Like any red-blooded American, I like killing things. Something that frustrates me to no end is how long those hunters can sit in those blinds on the redneck channel and not take a shot at a deer or turkey. It’s right there, just shoot it! Oh, but I was talking about killing babies, not turkeys, so I suppose a slightly more respectable mien must be assumed. In order to discuss abortion, one must first consider when life begins.
Like anyone with common sense, I believe life begins when the equivalent of a human is formed. There is considerable debate about when this occurs, but I’ll make it simple: it’s when the sperm meets the egg. This, of course, is called conception (fertilization). True, implantation must occur for a child to be formed, but at this point (the gamete* union) the potential for life exists. The potential to life should be regarded as the same thing as life itself; before this point (on its own), one sperm has no potential to life, so it should not be regarded as life, or, therefore, humanity. After this point (particularly after implantation), the potential for life may increase, but that does not make any cellular being from this point on any more “human” than was that initial fusion of gametes. The potential for life is the key; any distinction between that potential and actualized “life” or “humanity” is an abstraction and is both unnecessary and unreasonable.
Like any well thought-out proposition, some clarifications are in order. The fused gametes form a conceptus which is human on the basis of its genome; half of its genetic material is maternal and half is paternal. This humanity forms the foundation for the potential personhood that the child may achieve. In aborting the fetus, one is denying the developing child its right to personhood by denying it its very future. This could be taken as the very definition of murder – a denial of one’s potential future. Potential is therefore quite significant in common considerations. Having established when life begins and having made some definitions, one can begin to contemplate the appropriateness of the actual act of abortion.
- Note: For a bit more convoluted of a discussion on such matters, see Noonan’s “An Almost Absolute Value In History.”
Like any cold-blooded male, I’m far-removed from the individual and substantial questions facing the modern American woman. Many of these chicks fall into two categories, I assume: poor and unemployed, or rigid and money-driven. For the former, the question of whether or not to have an abortion is an easy one. Since having a child can be devastatingly expensive, it would be unreasonable for them to keep the children; one could say that they are too poor to have morals. For the latter class of women, their business trip liaisons would not dare impede their ambitions to ascend blazingly-fast through the glass ceiling (chest first, as one man wisely put it). As such, the children are going to be killed whenever they get the time.

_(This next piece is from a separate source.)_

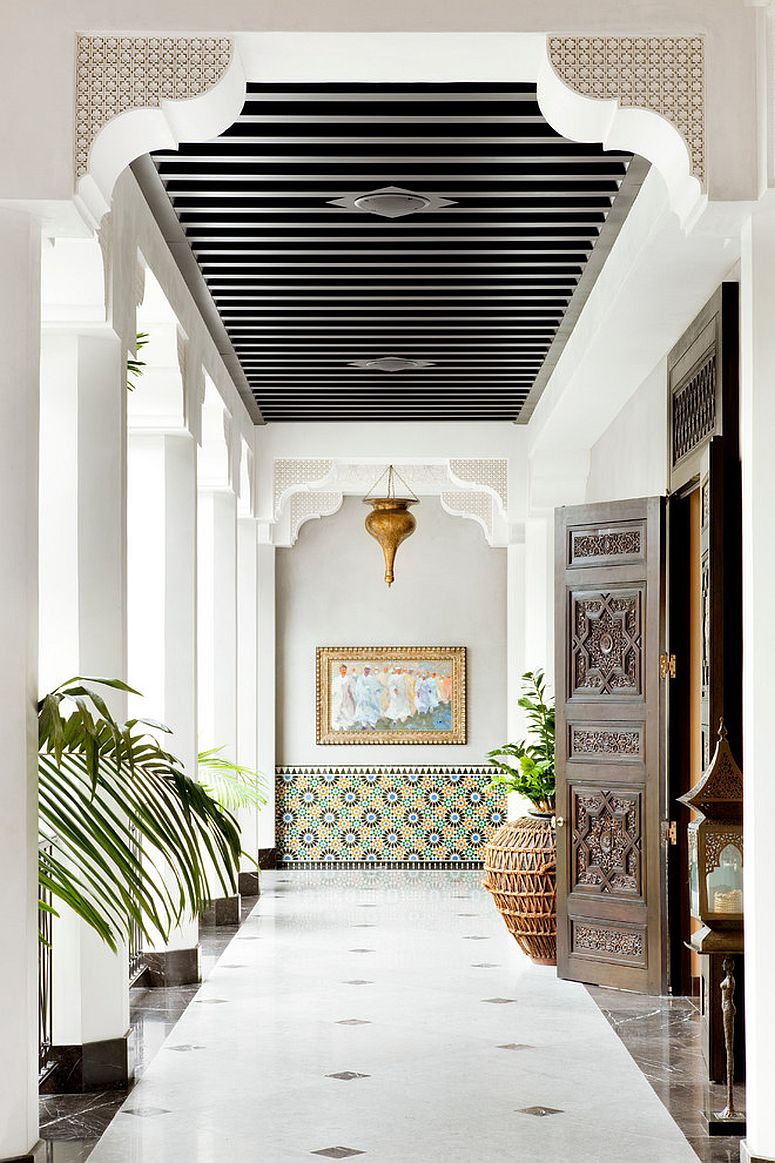 Mediterranean tile section instantly stands out visually in the long hallway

Like any good person, I feel that abortion should be extremely reduced, but this is clearly a moral decision. Women try to justify having abortions merely for the sake of convenience by redefining when life begins, thereby stripping a conceptus of its humanity, and I find this deplorable. However, if required to save the life of the mother, an abortion is definitely the proper way to go. Additionally, situations such as rape or incest may indeed warrant the termination of a fetus, even though the child is only fifty percent evil. That’s called being tough on crime.
Like any good conclusion, this next sentence is going to wrap everything up nicely. Life begins at conception, and anything after that is murder, plain and simple; whether or not one condones that murder is a personal decision, but remember – killing a potential hero isn’t nearly as cool as killing a turkey. As for what to do with children that would have been aborted but were not, I have already prepared a very simple and elegant solution.
* Gamete – n. Male or female sex cell (as opposed to “somatic,” or body cell).